▶ Listed records:
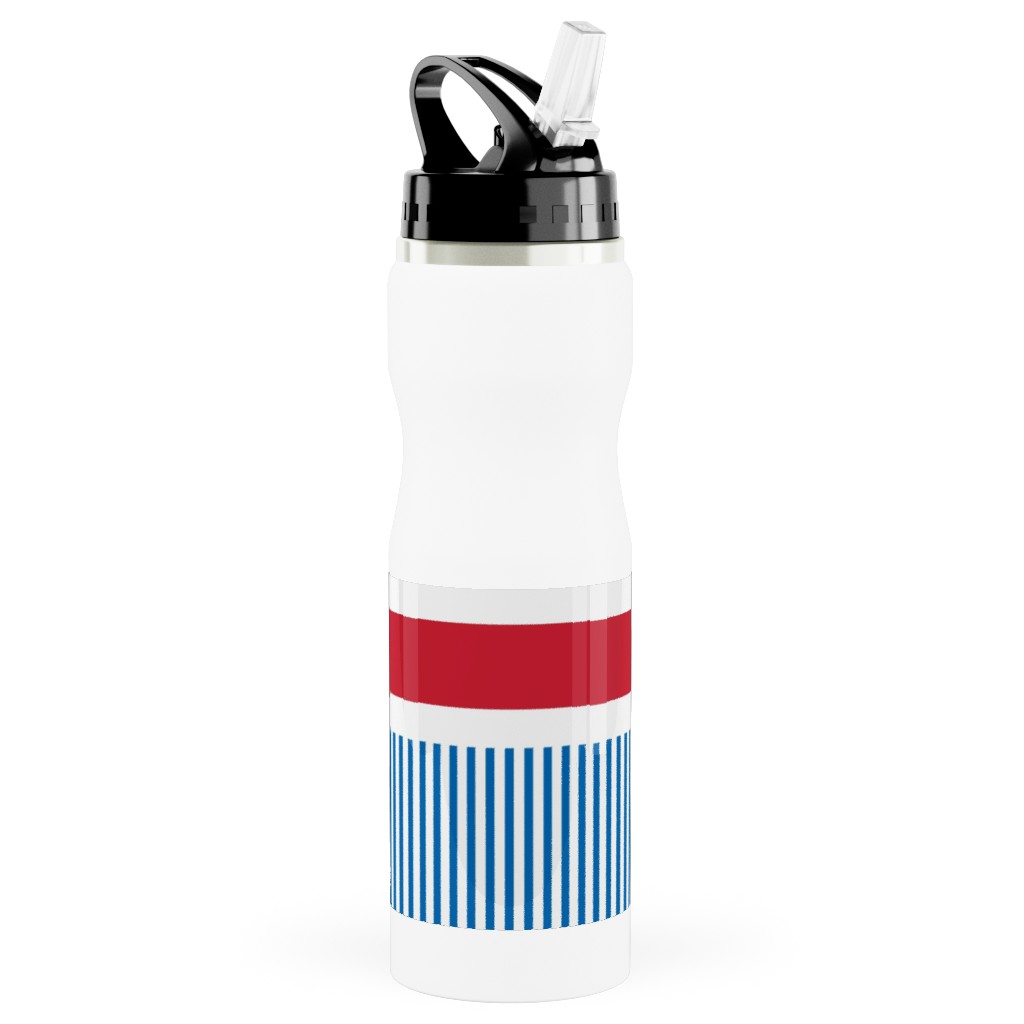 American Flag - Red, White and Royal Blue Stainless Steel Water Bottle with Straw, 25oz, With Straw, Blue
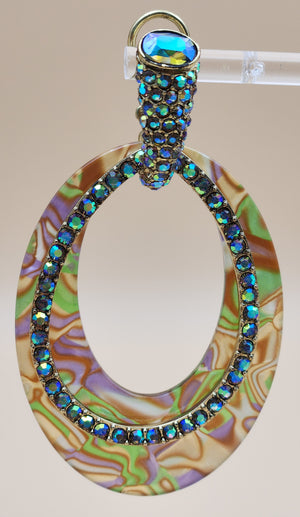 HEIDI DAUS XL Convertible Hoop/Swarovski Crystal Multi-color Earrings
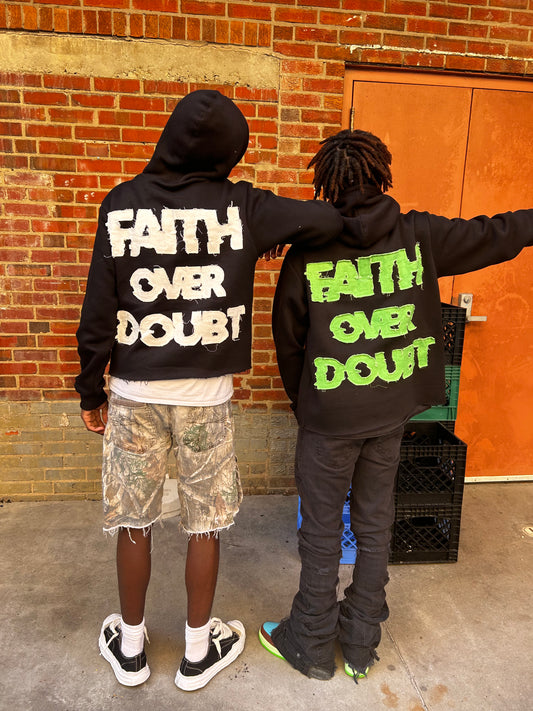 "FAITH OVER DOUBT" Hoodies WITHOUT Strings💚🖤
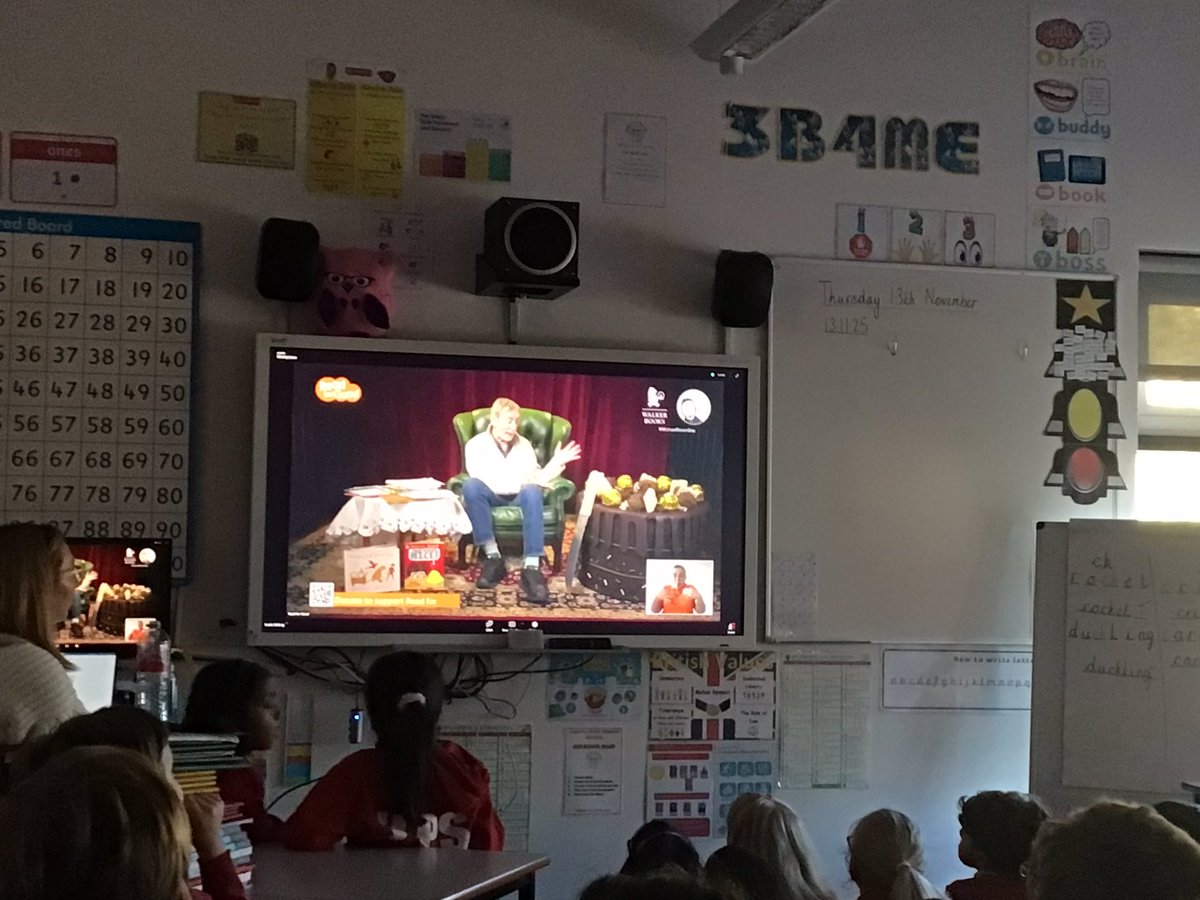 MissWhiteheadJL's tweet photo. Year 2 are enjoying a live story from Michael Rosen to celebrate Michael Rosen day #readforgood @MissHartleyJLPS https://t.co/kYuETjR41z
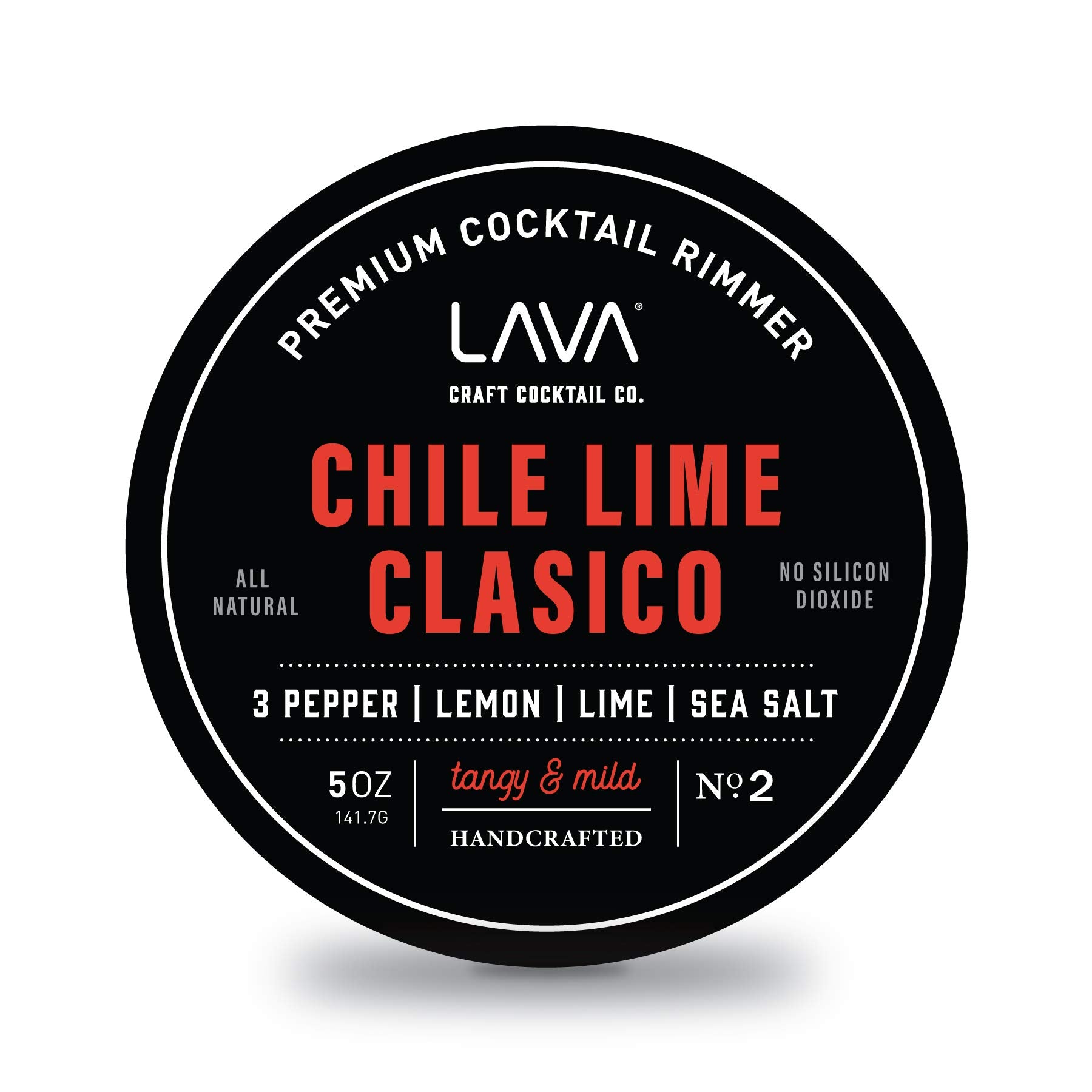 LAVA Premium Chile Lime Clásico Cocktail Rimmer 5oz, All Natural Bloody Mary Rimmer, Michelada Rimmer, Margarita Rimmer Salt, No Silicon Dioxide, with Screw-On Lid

---

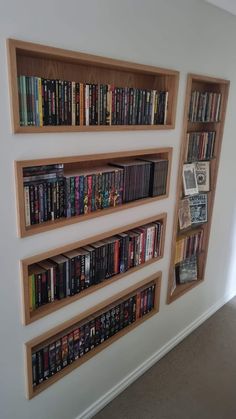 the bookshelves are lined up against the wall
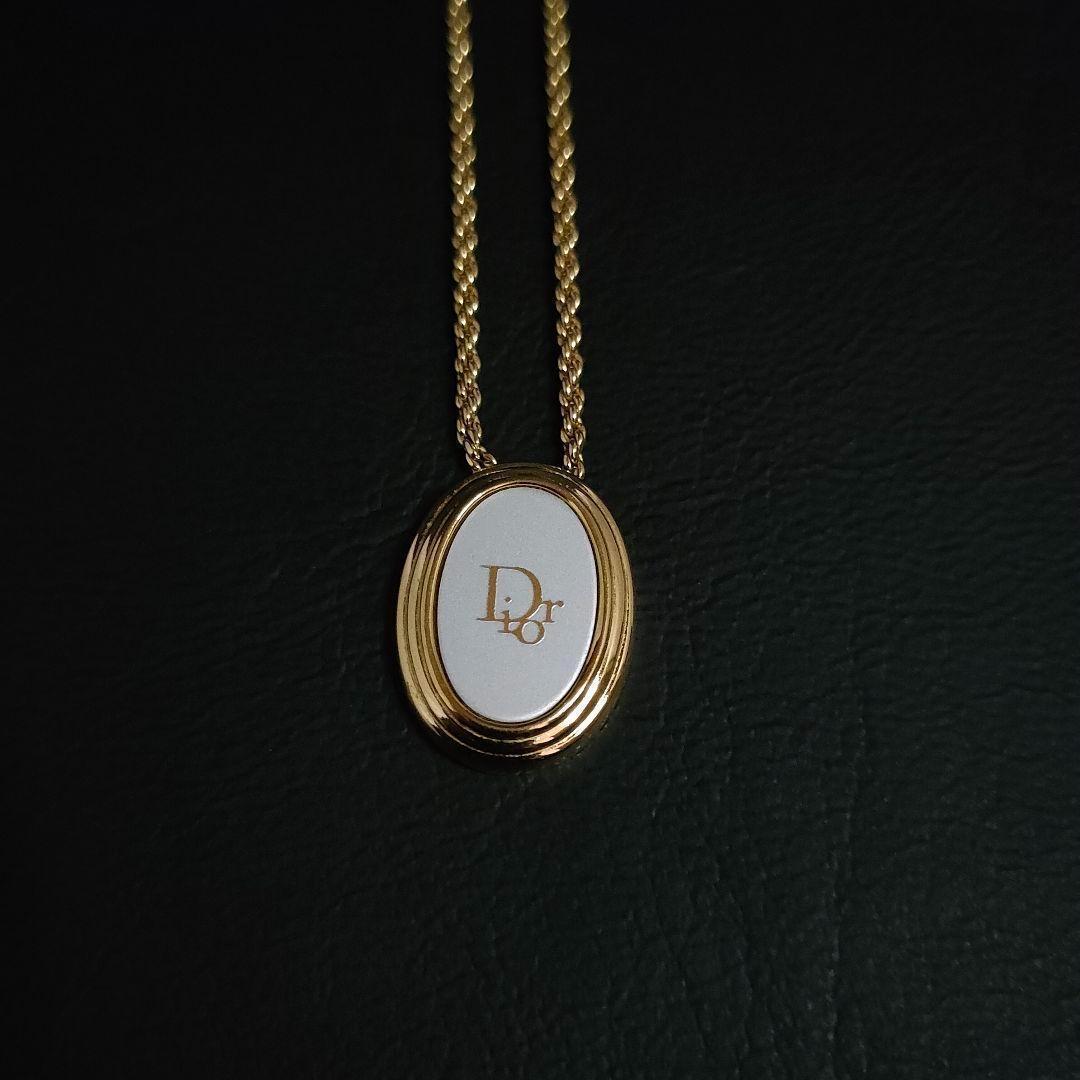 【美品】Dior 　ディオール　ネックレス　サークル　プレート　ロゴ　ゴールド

* * *

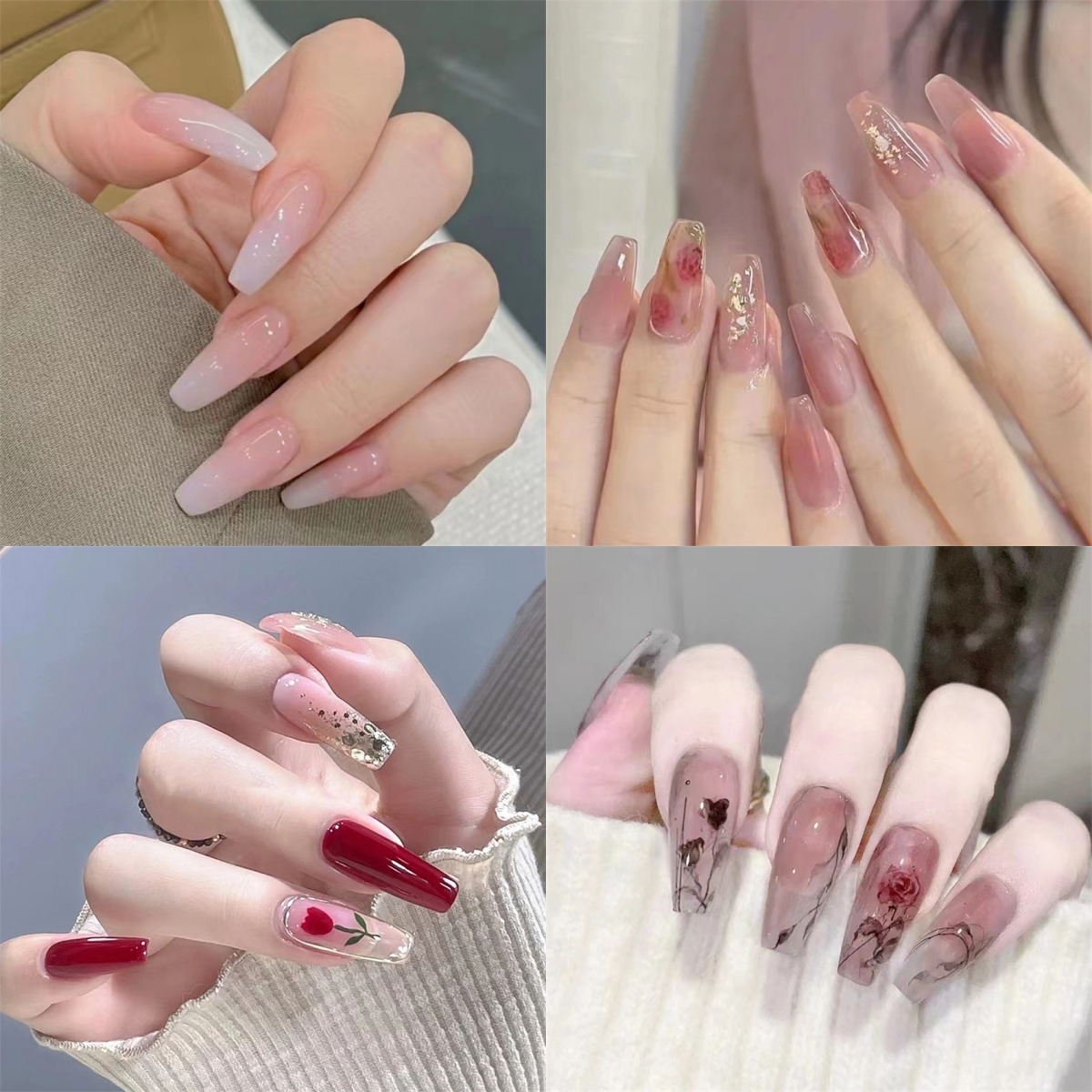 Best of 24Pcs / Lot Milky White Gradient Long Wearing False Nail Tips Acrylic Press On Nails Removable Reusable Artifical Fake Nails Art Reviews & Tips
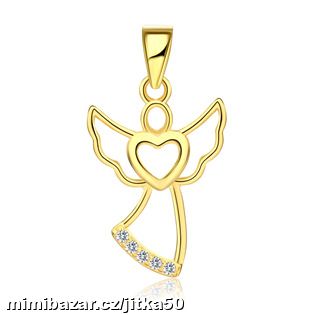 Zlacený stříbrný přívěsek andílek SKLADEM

▶ About this task: Starting at the line containing "HEIDI DAUS XL" and stopping at the line containing "LAVA Premium Chile", output every line above exactly, both ends included, with pictures omitted.

▶ Exercise output:
 HEIDI DAUS XL Convertible Hoop/Swarovski Crystal Multi-color Earrings
 "FAITH OVER DOUBT" Hoodies WITHOUT Strings💚🖤
 MissWhiteheadJL's tweet photo. Year 2 are enjoying a live story from Michael Rosen to celebrate Michael Rosen day #readforgood @MissHartleyJLPS https://t.co/kYuETjR41z
 LAVA Premium Chile Lime Clásico Cocktail Rimmer 5oz, All Natural Bloody Mary Rimmer, Michelada Rimmer, Margarita Rimmer Salt, No Silicon Dioxide, with Screw-On Lid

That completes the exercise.